World Wiffle Ball Championship opens registration for August event

Wiffle Ball · By Sarah Mitchell · June 23, 2026
World Wiffle Ball Championship opens registration for August event

Registration is open for the 47th World Wiffle Ball Championship, and the draw is still the same one that has made this event a summer fixture for decades: two days at Crown Point Sportsplex, a real route to Sunday, and a stage that treats every game like it matters. The championship will run Aug. 15-16 in Crown Point, Indiana, where the mix of prestige, accessibility and pressure keeps the field deep year after year.

Teams have until Aug. 9 to enter. Every club will play four round-robin games on Saturday, Aug. 15, with teams finishing 2-2 earning automatic passage into Sunday’s single-elimination bracket. The format leaves room for chaos, too: one 1-3 team can still survive by winning an extra-inning tournament at the end of pool play.

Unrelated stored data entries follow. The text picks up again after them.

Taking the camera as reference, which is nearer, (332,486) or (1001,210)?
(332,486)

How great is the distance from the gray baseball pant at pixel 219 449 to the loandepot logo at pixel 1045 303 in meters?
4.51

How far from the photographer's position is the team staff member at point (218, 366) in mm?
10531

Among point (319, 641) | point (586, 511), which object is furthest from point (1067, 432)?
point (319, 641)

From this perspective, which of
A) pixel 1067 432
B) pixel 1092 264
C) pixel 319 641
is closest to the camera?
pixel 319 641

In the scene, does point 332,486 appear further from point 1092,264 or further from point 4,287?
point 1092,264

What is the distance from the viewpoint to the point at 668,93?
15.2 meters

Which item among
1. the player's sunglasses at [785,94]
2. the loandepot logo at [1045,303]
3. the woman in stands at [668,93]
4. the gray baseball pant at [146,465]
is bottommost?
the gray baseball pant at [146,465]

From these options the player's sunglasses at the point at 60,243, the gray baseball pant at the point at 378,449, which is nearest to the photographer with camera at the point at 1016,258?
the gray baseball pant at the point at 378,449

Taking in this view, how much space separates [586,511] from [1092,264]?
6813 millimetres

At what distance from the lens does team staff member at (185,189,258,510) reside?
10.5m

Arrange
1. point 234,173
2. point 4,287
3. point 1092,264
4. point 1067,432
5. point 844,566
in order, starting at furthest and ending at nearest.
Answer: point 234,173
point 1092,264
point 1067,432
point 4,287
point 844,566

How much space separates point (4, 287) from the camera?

Tournament teams are made up of four or five players, and the setup rewards the rosters that can stay sharp through four games without burning out before bracket play starts.

That balance is a big part of the appeal. The World Wiffle Ball Championship is widely billed as the oldest and largest 5-person competitive plastic bat and ball tournament, founded in 1980, and it still leans into the details that make it feel like more than a weekend bracket. The event features 6-foot home run fences and a dedicated Hall of Fame, a pair of touches that give the championship its own identity instead of making it just another stop on the summer calendar. It has been held at Crown Point Sportsplex since 2024, at 1313 E North Street in Crown Point.

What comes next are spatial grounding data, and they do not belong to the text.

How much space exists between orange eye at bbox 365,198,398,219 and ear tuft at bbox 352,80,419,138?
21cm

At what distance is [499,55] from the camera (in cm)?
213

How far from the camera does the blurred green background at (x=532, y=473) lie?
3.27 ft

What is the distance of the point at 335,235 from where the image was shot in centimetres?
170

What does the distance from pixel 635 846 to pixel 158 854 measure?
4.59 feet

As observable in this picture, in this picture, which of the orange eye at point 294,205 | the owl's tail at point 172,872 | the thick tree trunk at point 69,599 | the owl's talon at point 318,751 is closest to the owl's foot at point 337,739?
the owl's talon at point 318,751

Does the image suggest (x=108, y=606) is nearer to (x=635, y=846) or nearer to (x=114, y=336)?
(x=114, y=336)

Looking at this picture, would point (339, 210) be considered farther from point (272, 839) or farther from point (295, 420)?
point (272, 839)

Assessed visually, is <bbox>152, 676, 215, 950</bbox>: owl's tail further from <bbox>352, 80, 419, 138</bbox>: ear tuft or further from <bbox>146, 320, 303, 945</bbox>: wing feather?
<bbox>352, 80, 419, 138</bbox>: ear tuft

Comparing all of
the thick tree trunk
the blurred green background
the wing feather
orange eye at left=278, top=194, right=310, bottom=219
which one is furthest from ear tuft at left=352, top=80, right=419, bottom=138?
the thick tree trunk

The field remains open to players of all ages, which is part of what keeps the event from becoming a closed club. Pre-tournament coverage last year showed the youngest registered player at 8 and the oldest at 66, a spread that says a lot about how broad the draw really is. Serious teams chase the title, but plenty of first-timers come for the same reason the veterans do: the format gives everyone a path, and the sport still respects both touch and nerve.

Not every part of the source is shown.